As a Special Administrative Region (SAR) of China, Hong Kong’s adoption of ‘a divergent state immunity policy (from China) would embarrass and prejudice the State in its conduct of foreign affairs’.”
In other words, if Hong Kong doesn’t abide by the doctrine of absolute sovereign immunity, it would be an embarrassment to China. So, in this, China and Singapore are also in agreement. We certainly don’t want Hong Kong to embarrass China. Instead, we would like Hong Kong to abide by its own laws and respect the sovereign immunity of our Terrexes. Exactly what China wants.

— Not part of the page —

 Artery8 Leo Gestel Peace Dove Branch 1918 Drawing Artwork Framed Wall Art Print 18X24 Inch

What’s more, this is not the first time China or rather, Hong Kong authorities detained or seized another country’s military vehicles and equipment. In 2010, South Korean military equipment – including personnel carriers as well as light tanks – was also seized by Hong Kong authorities. Hong Kong eventually returned South Korea their military equipment.
Put all these together, we should get our Terrexes back.

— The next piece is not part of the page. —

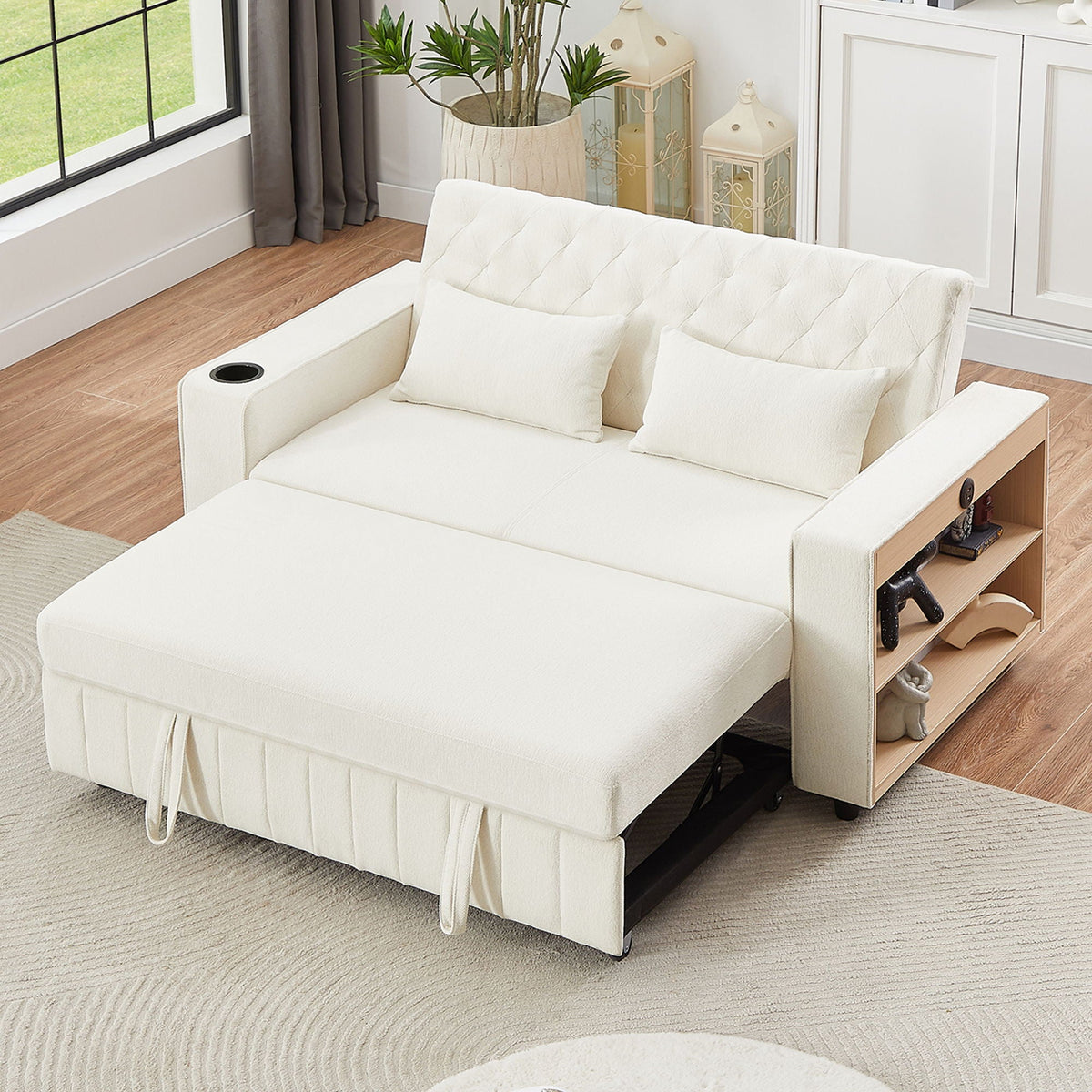 Pull-Out Sofa Bed Convertible Couch With Adjustable Backrest For Living Room - view 8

Of course, China can still suddenly decide that they want to treat some countries differently from how they want all other countries to treat them, thus refusing to return us our Terrexes. But what would that say about China? That they are a bully? Surely China wouldn’t want the world to think of them that way.
Join the discussion 3 Comments
To our Defence Minister I beg to differ with what you have said about us not having the sealift capability to transport our military hardwares by our NAVY. I hv been involved in SAF EXs and have worked with tpt of AMX -13 transportation to ROC onboard our LSTs and I am SHOCKED & APPALLED to hear from you about our inept ability to transport by SN (SINGAPORE NAVY)!!!!!!
Please MINISTER, if for some stupid reasons that we need to hire APL, its your responsibility to bear it but you should not RUN DOWN our own NAVAL CAPABILITY to do the job. It would hv saved our public money by the $millions – this savings could have better used to look after our bottom 5% of Singaporeans. Its outright LYING to Singaporeans and just too bad, it happened that there were precedence of using naval assets to do the same job – what is transporting 9 AFVs, we have transported bigger consignments to Australia in the past. The problem with our Administration is the unwillingness to admit mistakes as in all previous issues domestically – WHY!!!!!.
^—- BS Above
The so called Sovereign immunity is problematic.
1. Nobody cited the exact section of the international law? why not be transparent?
2. Prof Eugene Tan give only one example that of financial assets, assume there is no history involving military assets. Will be ridiculous to have immunity over military assets fallen into the hands of another country.
3. What if a country ships massives military equipment to our shore and claim immunity?